Prevalence estimates of osteoporosis or low bone mass at the femoral neck or lumbar spine (adjusted by age, sex, and race/ethnicity to the 2010 Census) for the non-institutionalized population age 50 years and older from the National Health and Nutrition Examination Survey 2005–2010 US Census population counts to determine the total number of older US residents with osteoporosis and low bone mass. There were over 99 million adults 50 years and older in the US in 2010. Based on an overall 10.3% prevalence of osteoporosis, the authors estimated that in 2010, 10.2 million older adults had osteoporosis. The overall low bone mass prevalence was 43.9%, from which they estimated 43.4 million older adults had low bone mass. Of these, 7.7 million were non-Hispanic white (prevalence of 10.2%), 0.5 million non-Hispanic black (prevalence of 4.9%), and 0.6 million Mexican American adults (prevalence of 13.4%) had osteoporosis and another 33.8 million, 2.9 million, and 2.0 million had low bone mass (prevalence 44.9%, 29.7%, and 43.2%), respectively. 4 (Reference Table 7B.5.1 PDF [52] CSV [53])
Osteoporosis often is not the principal diagnosis code related to a healthcare visit because the condition is usually an underlying cause of another condition, particularly fragility fractures that often occur after a fall or other seemingly minor incident. Often in such healthcare visits, osteoporosis may not even be listed as a condition. Still, in 2015, primary osteoporosis was listed in 1.87 million hospital discharges and emergency department visits as a reason for the visit in the population aged 50 and over. Fragility fractures occurred in 1.48 million visits for people aged 50 years and older. (Reference Table 7B.5.1 PDF [52] CSV [53])
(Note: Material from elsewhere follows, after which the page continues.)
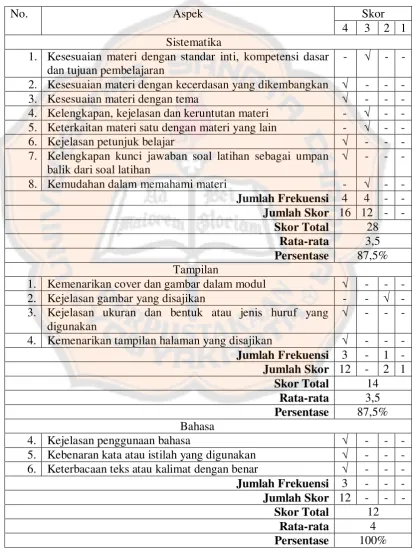 Tabel 4 di bawah ini: 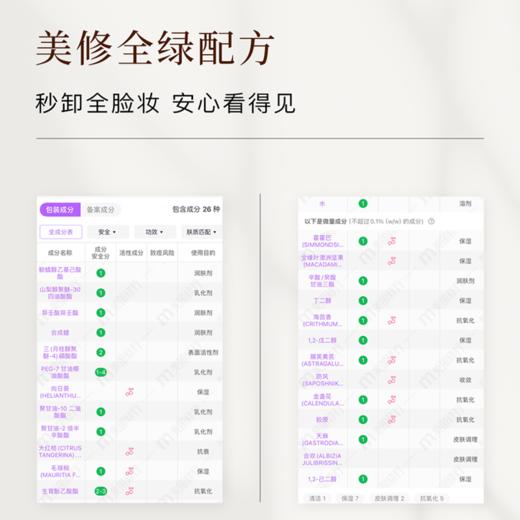 轻漾奇妙膏100g 1秒乳化温和无膜感眼唇可用卸妆膏 商品图4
Age is a factor in both primary osteoporosis diagnosis and in the occurrence of fragility fractures with most occurring in people after the age of 70. A prior fracture in women aged 50 years and older is the most important risk factor for hip fractures. More than three-fourths (76%) of primary osteoporosis diagnoses were for people ages 70 years and older. However, in 2013, 8% of osteoporosis diagnoses was for people aged 50 to 59 years, and 16% among those aged 60 to 69 years.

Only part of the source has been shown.